Just before she won the Academy Award for Best Original Song, I watched Lady Gaga dazzle the live audience with a pitch perfect performance of her hit “Shallow.” From her stage skills to her vocal ability, the talented performer made it all look so easy.
When we see people performing at the top of their fields— from Broadway to business—they often make it look simple. But people who achieve Lady Gaga levels of success arrive at the top by way of rigorous training. They refuse the elevator, preferring to take the stairs.
The romantic notion of a wildly talented genius who effortlessly reaches the epitome of achievement has about as much practical validity as the Easter Bunny. Rather, it’s the unglamorous, repetitive practice regimen that unlocks creative brilliance.
Stefani Joanne Angelina Germanotta, now known as Lady Gaga, was born on March 28, 1986, into an Italian American family in New York. Her ascent to stardom was less about raw talent and more closely aligned with her relentless work ethic. She began playing piano at age four and became driven to become a star before her tiny legs could reach the piano pedals. In a 2009 interview, she told a London reporter, “I’ve always been famous—you just didn’t know it yet!” She already viewed success as part of her being, which drove her to extreme levels of training and practice.

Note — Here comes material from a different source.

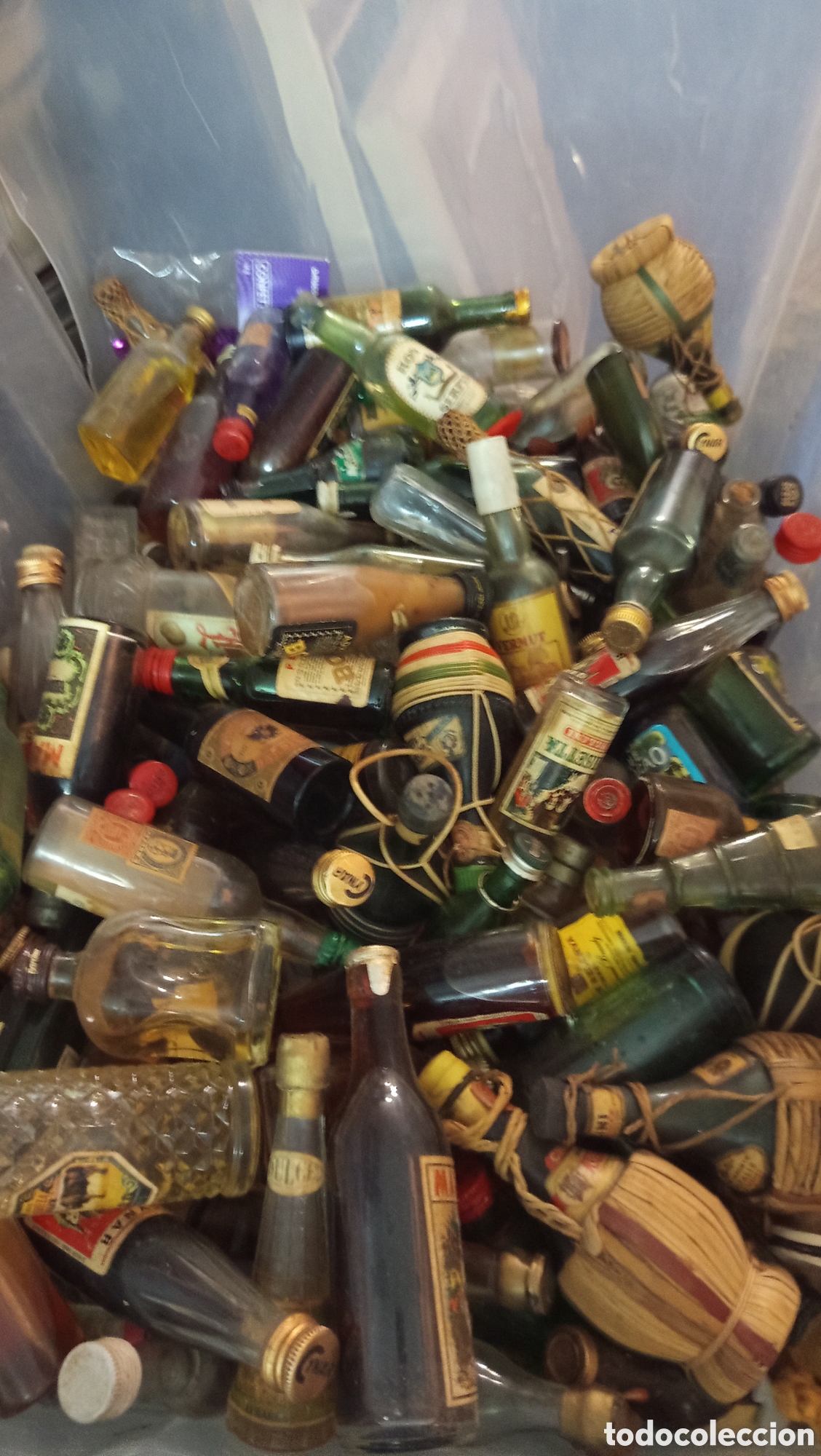 Botellas antiguas: Se venden botellines antiguos - Foto 1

While her elaborate outfits and theatrical performances may appear to be the child of whimsy, Lady Gaga is meticulous and deliberate about every aspect of her music and brand. Growing up, she spent hours honing her craft. Pushing aside the customary pleasures of childhood, she studied piano, singing, and dance with the intensity of a Zen monk. When she wasn’t practicing performance skills, she studied the legends of fashion design, theatrical staging, choreography, and visual artists. Her training inputs were a strange mix—from David Bowie to Bach, from Andy Warhol to Cher. She drew inspiration from an eclectic mix of artists, later weaving their ideas together into her own unique style.
“To be completely candid, the creative process is approximately fifteen minutes of vomiting my creative ideas,” Lady Gaga said in a 2011 Gagavision interview. “It all happens in approximately fifteen minutes of this giant regurgitation of my thoughts and feelings, and then there are days, months, and years spent fine-tuning.” To put this in perspective, if creating a hit Gaga song takes five hundred hours in total, the ideation process is only .05 percent while the vast majority of her creative time is spent shaping and refining her work. And if you include the thousands of hours she invested in deliberate practice before the song was initially spewed onto the page, the contrast would be even more glaring.

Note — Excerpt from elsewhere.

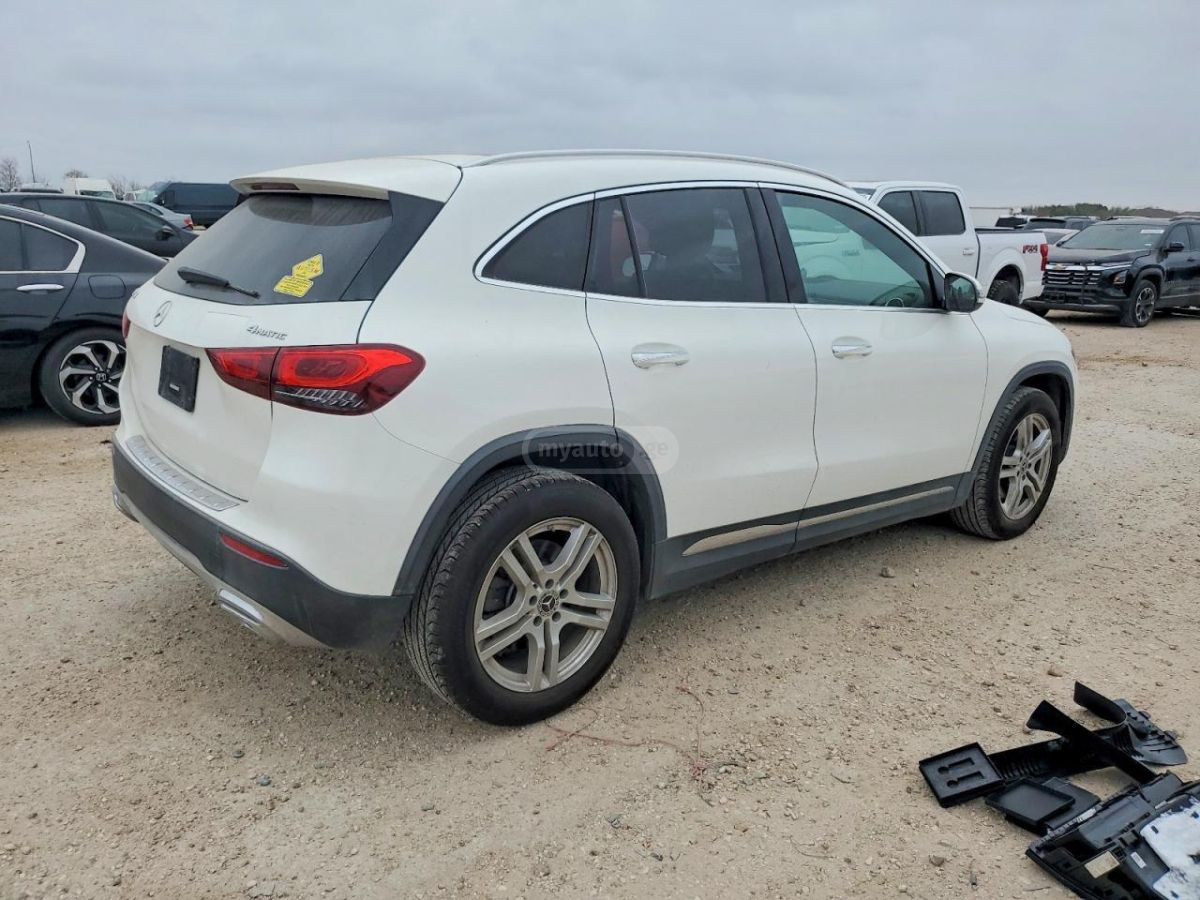 Mercedes-Benz GLA 250 - фото 6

It’s the ritual of refinement that’s often the difference between mediocre and legendary work.
It’s been said that the one thing all great authors have in common is lousy first drafts. The difference between a bad book, a decent book, and a breakaway bestseller is often directly linked to the amount of time invested in the refinement stage. When a writer quickly dumps her ideas onto a page and ships them to print, the end result isn’t usually her best work. In contrast, her masterpiece comes by doing the reps in the unglamorous and painstaking process of refinement.
We all know that doing the reps is required to build physical muscle mass in the gym. Regrettably, none of us are born with “six-pack abs.” Yet most of us garble the translation when it comes to creativity, thinking that it is a fixed talent rather than a malleable skill. And skills of any kind only become deeply ingrained by way of repetition.
At age sixteen, Stefani began working with famed vocal coach Don Lawrence, who had also worked with Billy Joel, Christina Aguilera, and Mick Jagger. Behind the glitz of her dramatic performances, Lady Gaga still does the reps and continues to work with Lawrence. For a single high-profile performance in 2017, she trained with her coach every single day for six months leading up to the show.
Today, her training regimen continues with enviable discipline and consistency. To keep up with the physical demands of the job, she exercises five days a week doing yoga, Pilates, and strength training. She carves out time to write music and rehearse daily. Lady Gaga is the product of intense and consistent practice, an amalgamation of her countless hours doing the reps. Each Big Little Breakthrough she achieved fused together into the megastar we now love. In the words of Aristotle, “We are what we repeatedly do. Excellence, then, is not an act but a habit.”
Bestselling author Seth Godin might have put it best when he said, “Lots and lots of people are creative when they feel like it, but you are only going to become a professional if you do it when you’re not in the mood.”